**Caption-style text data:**
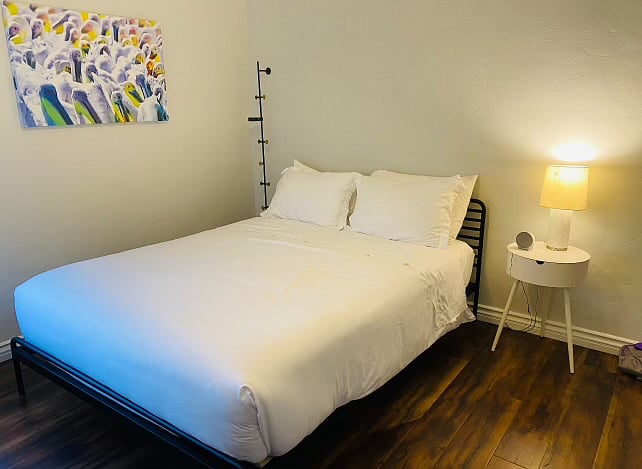 Queen size bed bedroom #2 also with a portable desk in room 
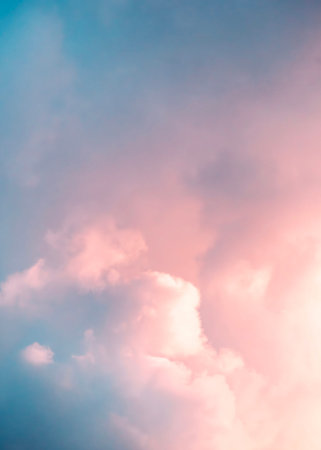 Soft pink clouds against a light blue sky, creating a soothing and dreamy atmosphere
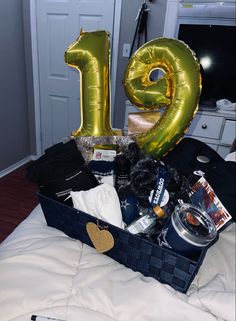 a large number balloon sitting on top of a bed next to a basket filled with items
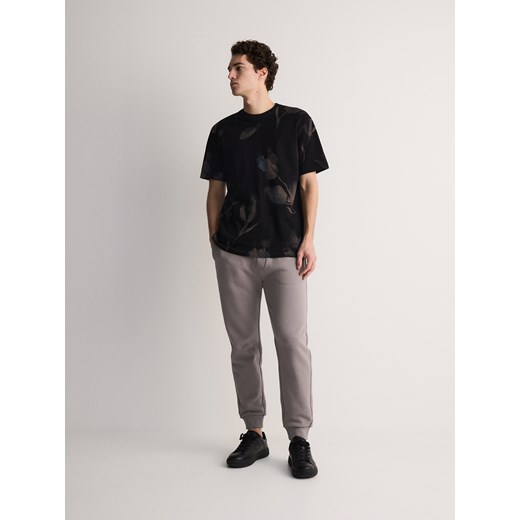 Reserved - Bawełniane spodnie dresowe - beżowy ze sklepu Reserved w kategorii Spodnie męskie - zdjęcie 172599853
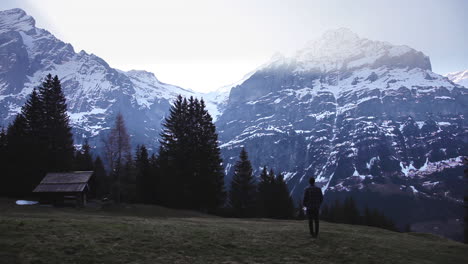 caucasian getting to see the sunrise in front of huge mountains, switzerland alps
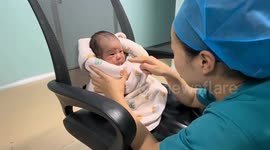 Pouting baby reacts to playful scolding in Henan, China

**TASK STATEMENT:** Your task is to copy only the lines above starting at the one containing "Soft pink clouds" and ending at the one containing "caucasian getting to". Copy them exactly, both ends included, and omit the pictures.

**COMPLETED EXERCISE:**
 Soft pink clouds against a light blue sky, creating a soothing and dreamy atmosphere
 a large number balloon sitting on top of a bed next to a basket filled with items
 Reserved - Bawełniane spodnie dresowe - beżowy ze sklepu Reserved w kategorii Spodnie męskie - zdjęcie 172599853
 caucasian getting to see the sunrise in front of huge mountains, switzerland alps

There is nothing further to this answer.